If we’re talking about 2019, we’ve got to highlight the brand that made the most impact this season: Primos and their partnership with Jose Martinez. Throughout the span of these interviews (today through Dec. 5) you can get 10% off your order of that sweet, sweet Cafecito coffee (well, I guess you probably have to doctor it to make it sweet) or anything else at their site. My wife is a coffee snob and we’ve bought multiple bags of the medium roast. It’s a great stocking stuff or Christmas gift as well, especially when you expand your order to pick up the Jose Martinez coffee mug. So use code C70SAVE10 at checkout and show your support of their ties to the Cardinal fanbase!
Player: Rangel Ravelo
Season stats: 29 G, 43 PA, 4 R, 8 H, 2 2B, 2 HR, 7 RBI, 3 BB, 12 K, .205/.256/.410, 71 OPS+, -0.1 bWAR
Statcast: 10.7% barrel %, 93.8 exit velocity, 50.0% hard hit %, .351 xwOBA
Overall grade: C
Positives: Made his major league debut June 17 with a pinch hit appearance against the Marlins….picked up his first major league hit two days later, also against Miami….had a .705 OPS against righthanders, whom he hit both of his homers off of….hit .333 with a 1.011 OPS at home….had a .749 OPS in the second half….put up an .854 OPS in September….hit .250 with a home run as a pinch-hitter….was 2-5 leading off an inning….was 2-4 with two doubles when hitting the first pitch….that helped lead to a 1.083 OPS when the count was even….had a .925 OPS when there was nobody out….posted a .333/.333/1.333 line with two outs and runners in scoring position (1-3 with a HR)….in six high leverage at bats, had a 1.100 OPS….was 3-7 with a double in the seventh inning….hit .250 against starting pitchers….was 3-10 with a homer against power pitchers….went 2-5 with a double against the Cubs….hit .299 with 12 homers at Memphis.

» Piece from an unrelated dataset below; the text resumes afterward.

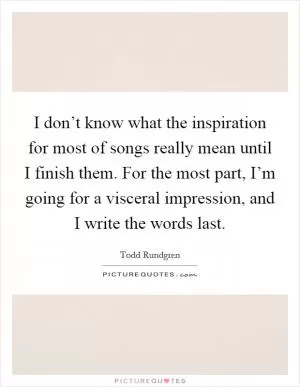 I don’t know what the inspiration for most of songs really mean until I finish them. For the most part, I’m going for a visceral impression, and I write the words last Picture Quote #1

Negatives: Though he built up some consideration, was left off the roster for both rounds of the playoffs….only started five games in the majors….was 1-6 against lefties….hit .095 on the road, though he got three starts there….hit .125 in the first half (18 AB)….had a .506 OPS when playing first base….hit .182 when ahead in the count, .125 when behind….put up a .458 OPS with one out….was 1-6 in late and close situations….had a .491 OPS in low leverage situations….hit .133 in the late innings….hit .174 against relievers.
Overview: You always have to root for the guys that make the major leagues after spending a long time wandering in the minor league wilderness. Ravelo was drafted in 2010 and had been with the White Sox and Oakland before signing with the Cards at the beginning of 2017. He’d been close but never quite made that final step until he came up when Yairo Munoz went on paternity leave. Once he made the 40-man roster, it made it easier for the club to bring him up and they did a couple of times before he returned in September and got a long look as a pinch hitter.
You can see in the limited Statcast numbers why the club was thinking of him as a bench option. He hit the ball hard and was able to barrel it fairly regularly. While the final numbers might not have showed it, there were enough underlying signs to make Ravelo an intriguing option. The club went a different way for the postseason but given the lack of offense, you could make a case that perhaps they should have brought him along for some late game possibilities.
Outlook: Ravelo could be like Jose Martinez, a minor league lifer that gets his foot in the door and won’t move it. (Maybe Primos should be looking to partner up with him!) He’s still got options and the bat is solid enough that the Cards aren’t likely to cut him off the 40-man this winter without some move forcing their hand. With Paul Goldschmidt playing 150 games or so and Matt Carpenter a possibility at first as well, Ravelo’s usage might be limited if he’s not in Memphis, but it’ll be interesting to see him in the spring and try to decide just how much power he can get out of his bat at the big league level.